February 14th. 2011
Elizabeth M. Murphy
Secretary
Securities and Exchange Commission
100 F Street, N.E.
Washington, D.C. 20549
Re: Process for Submissions for Review of Security-Based Swaps for Mandatory Clearing (No. S7-44-10)
Dear Ms. Murphy:
On behalf of Americans for Financial Reform, thank you for the opportunity to comment on the proposed rule, “Process for Submissions for Review of Security-Based Swaps for Mandatory Clearing”. Americans for Financial Reform (“AFR”) is an unprecedented coalition of over 250 national, state and local groups who have come together to reform the financial industry. Members of our coalition include consumer, civil rights, investor, retiree, community, labor, religious and business groups as well as distinguished economists.

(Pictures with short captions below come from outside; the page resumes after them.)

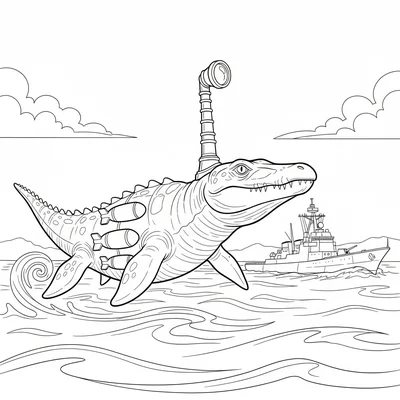 A Mosasaurus fitted with torpedo tubes along its sides, swi… coloring page
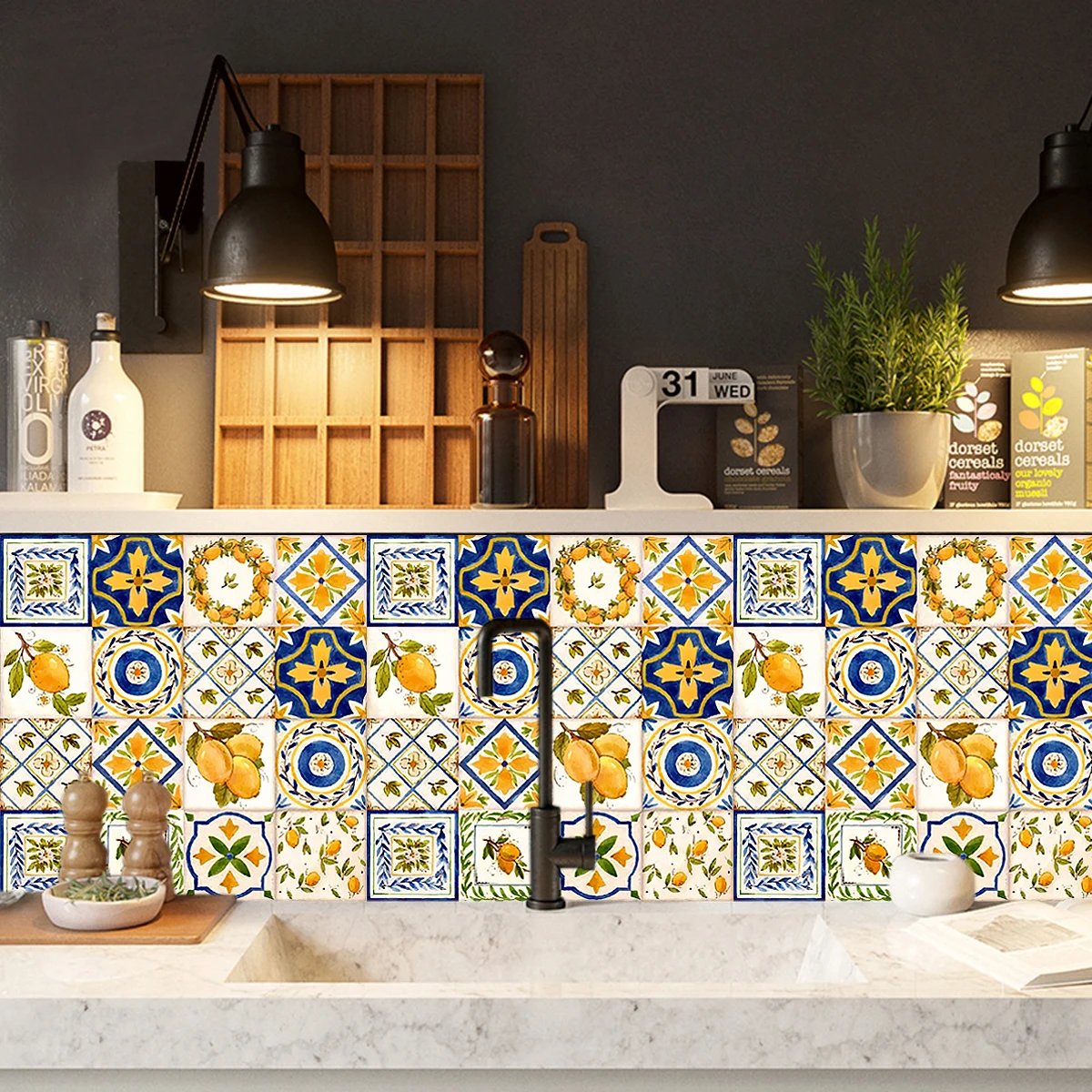 16pcs/Set Matte Waterpoof Tile Wall Sticker Home Decoration Peel & Stick Wallpaper Kitchen Bathroom Wardrobe Floor PVC Art Mural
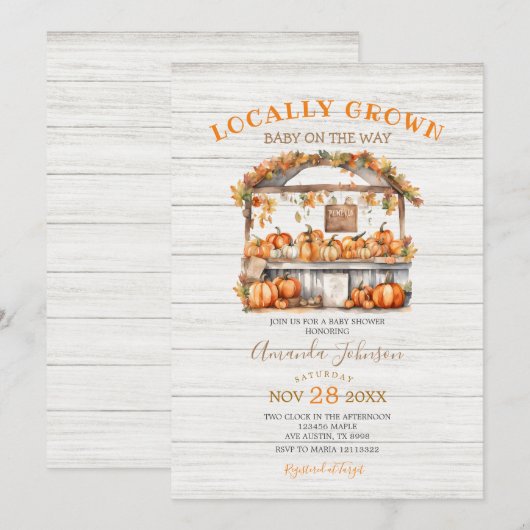 Wit Hout Lokaal Gekweekt Pompoen Herfst Baby showe Kaart (Voorkant / Achterkant)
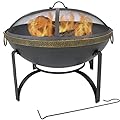 Sunnydaze 26-Inch Steel Wood-Burning Outdoor Fire Pit Bowl with Spark Screen, Log Grate, and Poker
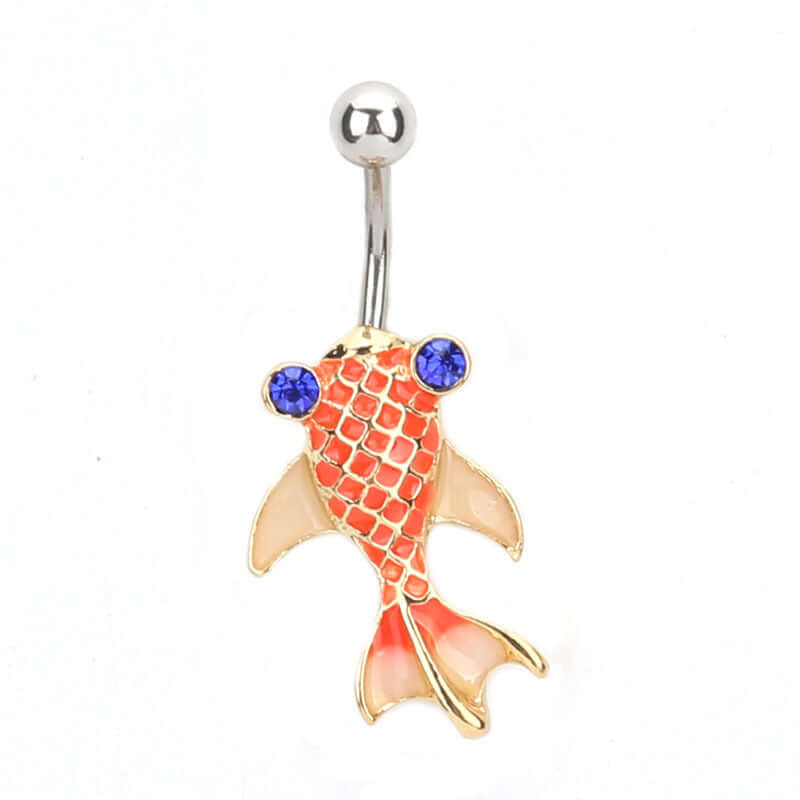 14G Koi Fish Goldfish Belly Button Rings - Colorful Enamel Body Jewelry for Women | Perfect for Piercing, Beach Wear, and Summer Fashion Accessories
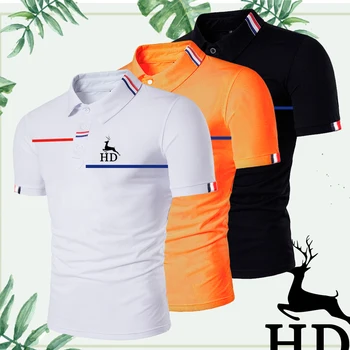 HDDHDHH Marca de Impressão, masculina Casual Polo de Cor Sólida Magro de Camisa Nova Moda de Verão T-Shirt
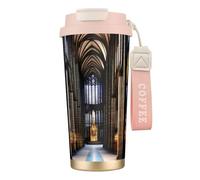 QHZLY Grande tasse à café isotherme en acier inoxydable 316 - Motif cathédrales gothiques - Rose - Pour le bureau, la maison, la voiture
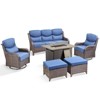 Gymojoy 6 Pieces Outdoor 6 Inch Sofa Swivel Chair Ottoman with Fire Pit Table - 3 of 4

Reckless swaps and derivatives trading played a critical role in the financial crisis, turning the fallout from the crash of the domestic housing market into a global economic catastrophe. The Dodd-Frank Wall Street Reform and Consumer Protection Act put in place key statutory changes intended to prevent the recurrence of a systemic crisis like the one experienced in 2008. It is now up to the regulators to ensure the success of Dodd-Frank by putting rules in place that are comprehensive and do not create loopholes that will be exploited in the future.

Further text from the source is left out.